Set in the 1930s, with post-Civil War Ireland under a new government, the film opens with a definitively Irish scene of a cart and horse traversing a winding road through lovely green country. On board is Jimmy (Barry Ward), returning to his home county after a decade of exile in New York prompted by the Church and capitalist forces threatened and outraged by his Communist views and influence on locals while running a community hall encouraging free-thinking and non-traditional contemporary cultural expression.

His plan is to live a quiet life and look after his aging mother. It is not long, however, before bored young locals, for whom he has acquired legendary status, urge him to re-open the hall. Reluctant to risk antagonising the Church and wealthy landowners who have claimed the hall as their property, he initially declines, but it is not long before he follows his heart and reverses his decision.

With the community assisting to refurbish the dilapidated hall and the objections of the party-pooping landowners overcome, it is soon thrumming with activity: boxing, free-thinking discussion groups, and the latest in jazz dance moves brought back from New York by Jimmy, along with a marvellous new gramophone and a swag of groovy records.

It is not long before Jimmy is back in direct conflict with his old enemies. The local priest, Father Sheridan (Jim Norton), emerges as the villain of the piece, and he and Jimmy as figureheads for opposing philosophies and political forces: Christian fundamentalism vs free-thinking humanism, conservative vs progressive, socialist vs capitalist. There is no doubt, of course, about where Loach’s sympathies lie, and his black-and-white treatment of the two characters and the sides they represent is not much short of propagandist – always a weakness in a film in a dramatic context, and too often so in Loach’s work.

That said, Father Sheridan’s ego-driven fundamentalism, and his conviction that his values are right and absolute, and that those who do not share them are to be condemned if not eliminated in the name of righteousness, have tragic parallels in the loathsome terrorist scourge that besets us today. It is difficult to resist mentally hissing at this nasty, scheming, bigoted old bastard, and all he stands for.

Jimmy, on the other hand, is not the powerful personality he should be. Loach downplays his protagonist’s Communist ideology, thereby undercutting his supposed status as a formidable political adversary and threat to the Establishment.
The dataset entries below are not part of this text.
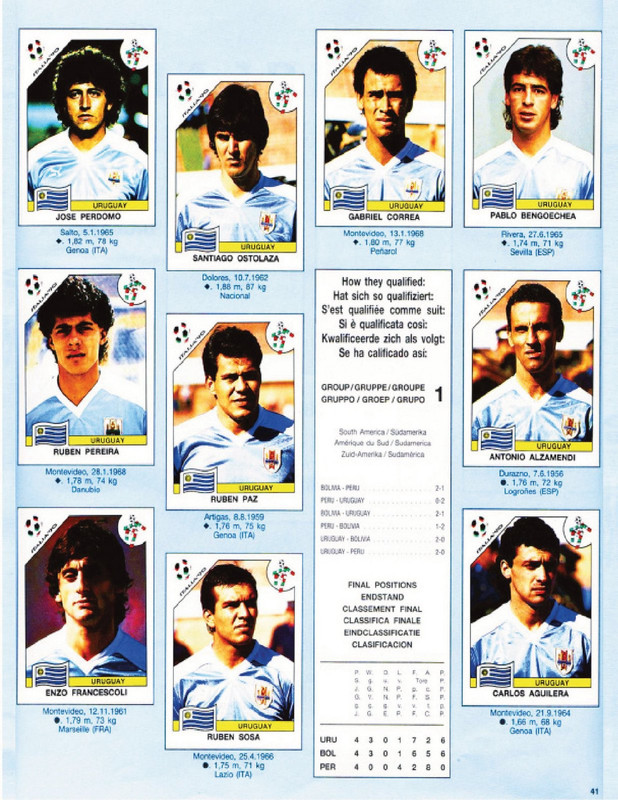 Album Panini Italia 1990-43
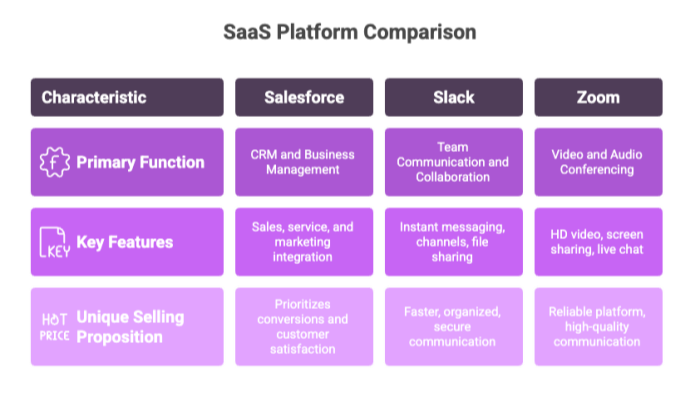 SaaS Platform Comparison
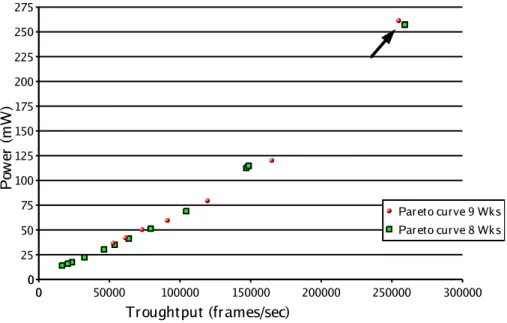 Figure 3.8: Bus saturation effect.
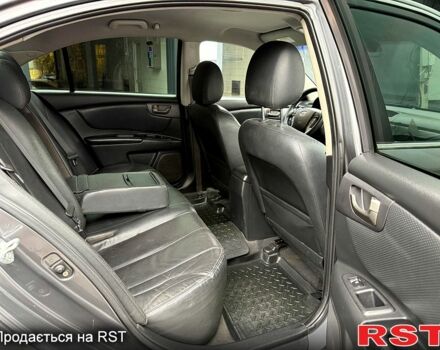 Киа Маджентис, объемом двигателя 2 л и пробегом 154 тыс. км за 7500 $, фото 10 на Automoto.ua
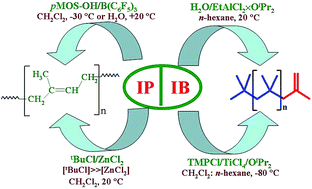 Recent Progress In The Lewis Acid Co Initiated Cationic Polymerization Of Isobutylene And 1 3 Dienes Rsc Advances Rsc Publishing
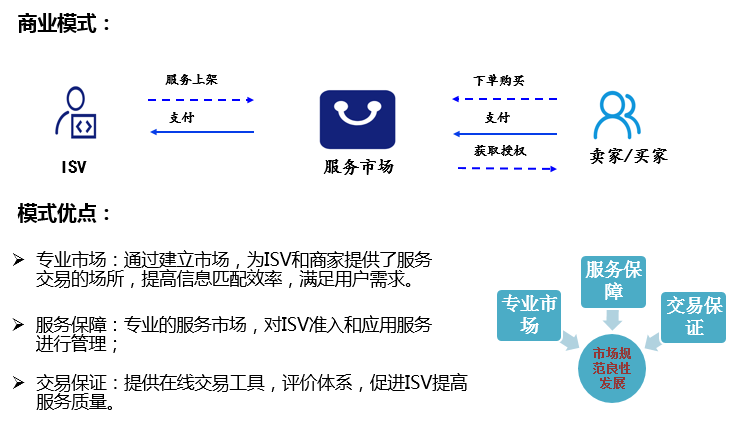 http://m.ahjlmy.com.cn/storage/uploads/20190626/6d04d53fb61f13d4a3f6ab60b4f33483.png
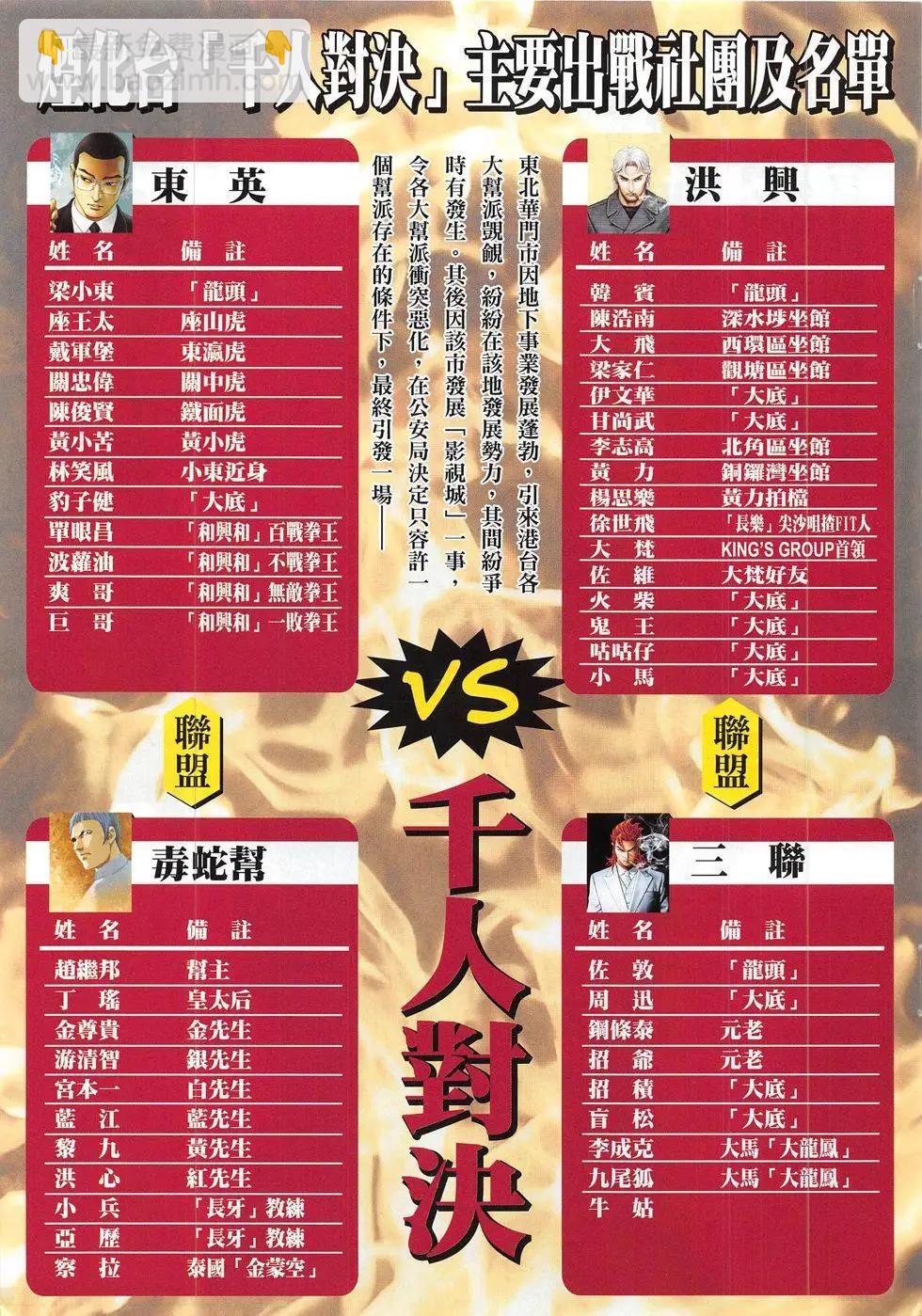 🍸古惑仔 第1827回 第3页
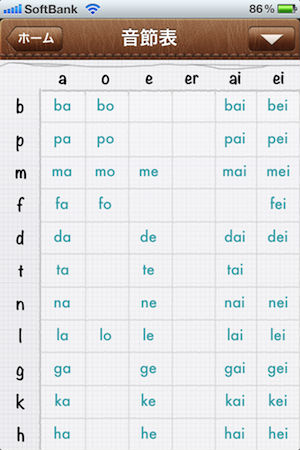 Pinyin chinese game (9)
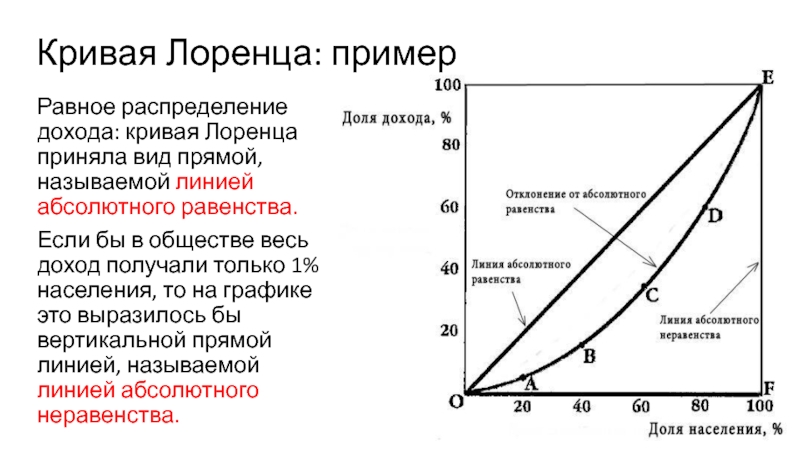 Равное распределение. Кривая Лоренца график. Кривая Лоренца по экономике. Кривая Лоренца кратко и понятно. Экономический смысл Кривой Лоренца.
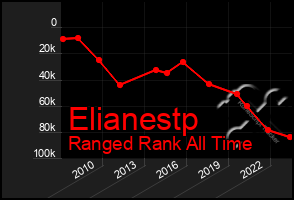 Total Graph of Elianestp
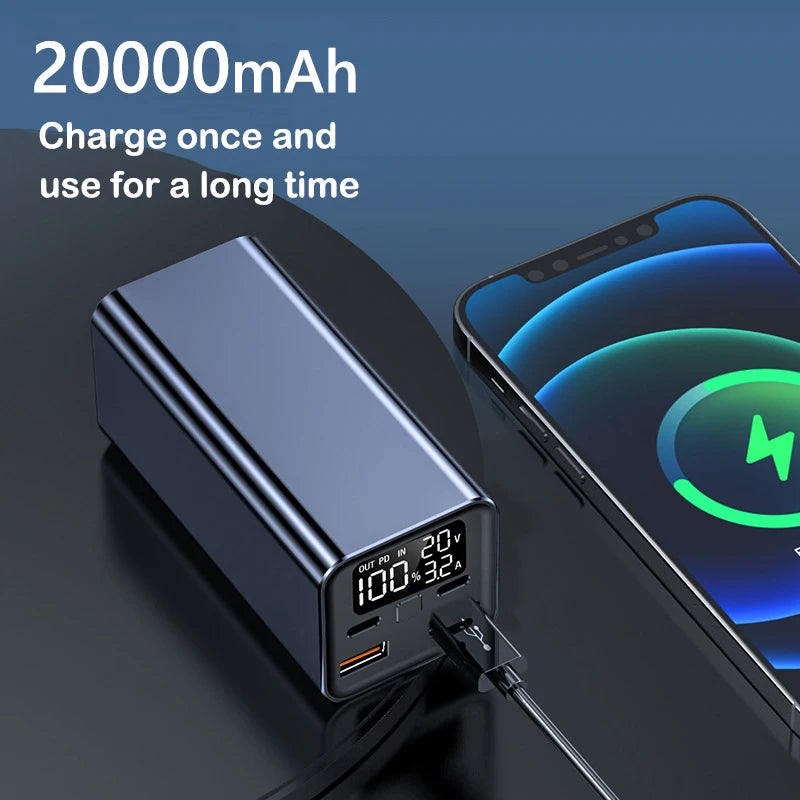 Power Bank 20000mAh 65W Fast Charging Portable Type-C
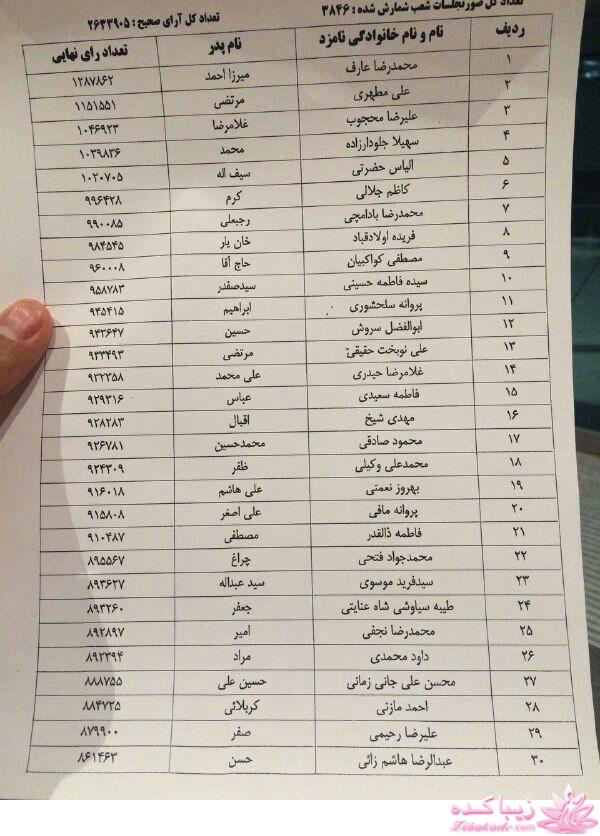 جدیدترین اخبار انتخابات مجلس دهم 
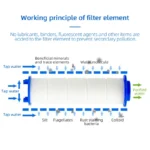 Revitalize Your Shower: SOUDRON Cotton Filter Removes Impurities - Image 3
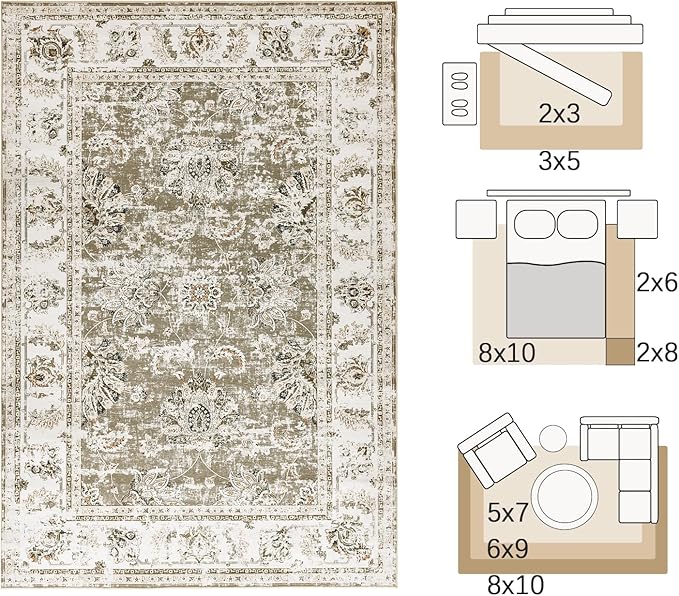 jinchan Vintage Floral 5x7 Area Rugs for Bedroom - Machine Washable Distressed Design Stain Resistant Boho Carpet Ultra-Thin Low Pile Non-Slip Rug for Living Room Dining Room Kitchen (5‘x7',Taupe)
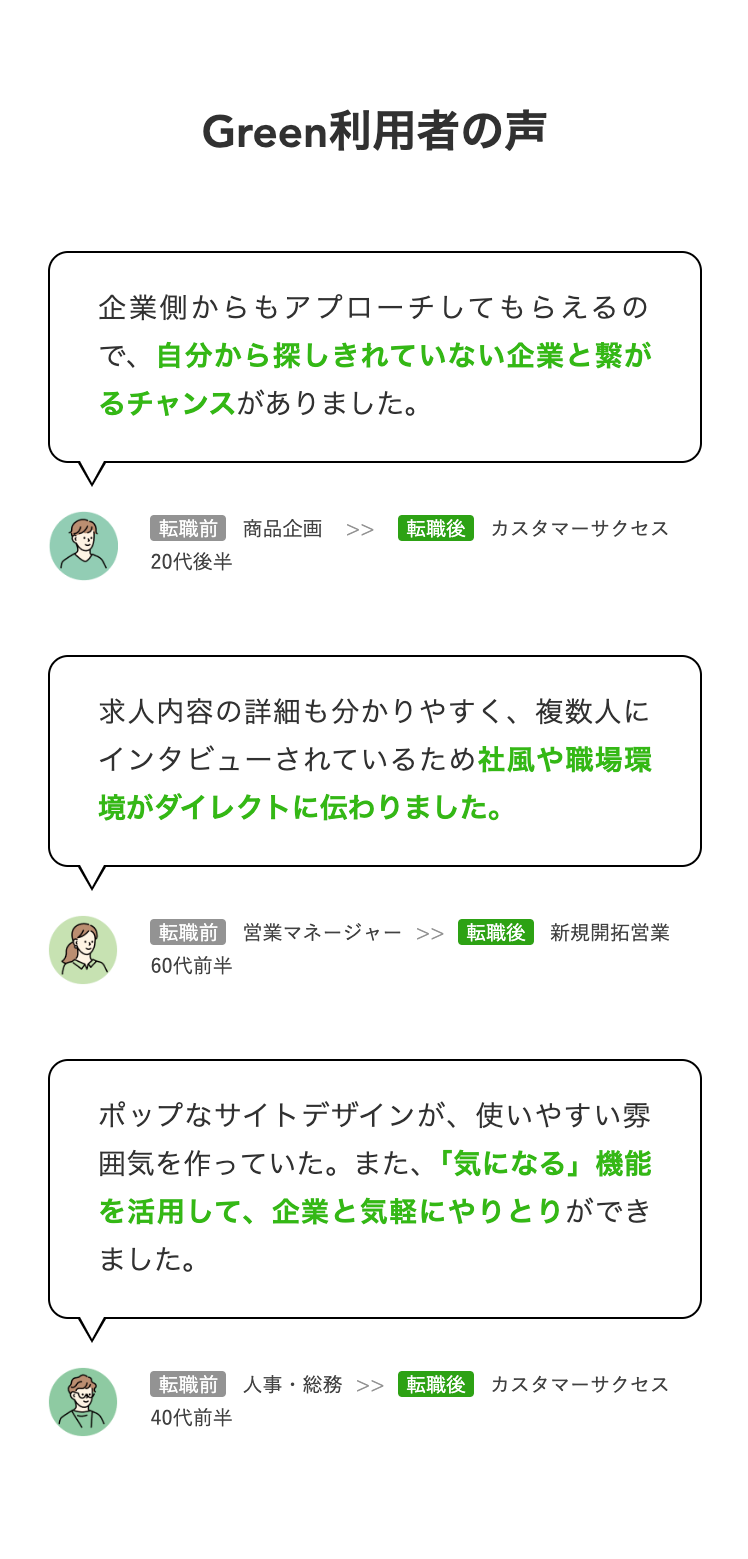 Green 利用者の声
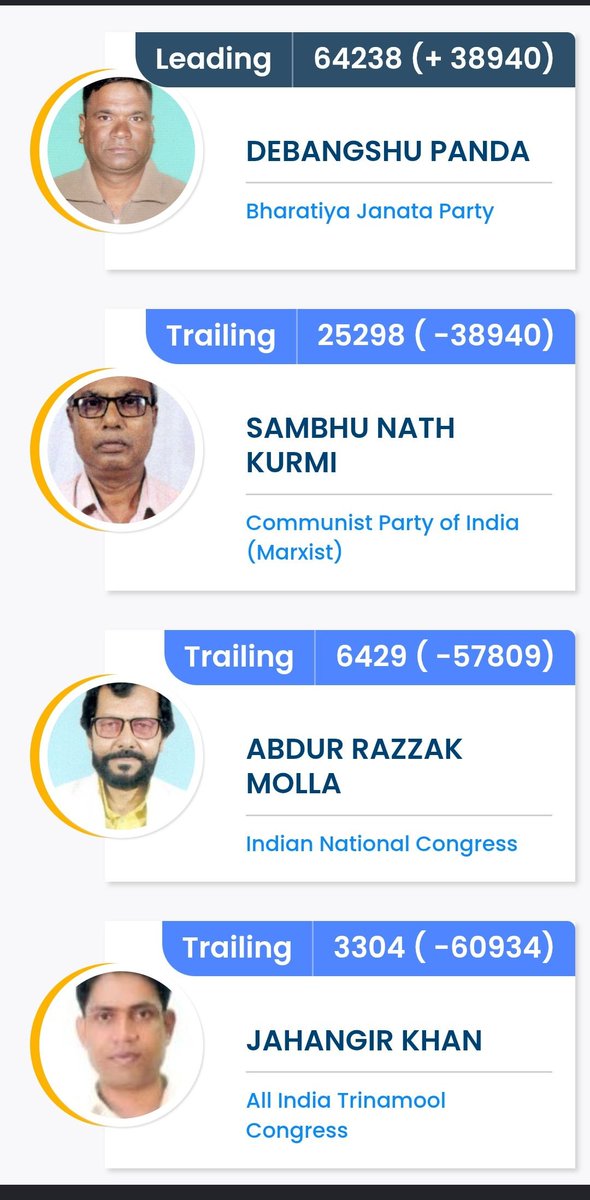 Pankaj tweet media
Jimmy comes across not so much as a free-thinking revolutionary as an importer of jazz and New World style, and Father Sheridan as a prude and killjoy, rather than a cleric who understands and recognises the threat represented by an ideology that would seek to liberate whole populations from the shackles of the Church and the capitalist system.

The film is at its best when the characters are allowed free reign, unhitched to any political agenda. For example, the high point of the film is a scene in which Jimmy and his ex-girlfriend Oonagh (Simone Kirby) dance alone in the notorious hall, she wearing for the first and probably only time a fetching New York flapper dress he’d gifted her. This touching dance of love unrequited and doomed, but enduring through all, is poignant indeed.

If Jimmy’s Hall is to be Loach’s swansong, as he claims, he has finished with a movie that is enjoyable, beautifully shot and well performed, but it could have been more. He has chosen to sign off as a propagandist in service of his political ideology, when it is his deep-seated humanism that has powered his best work.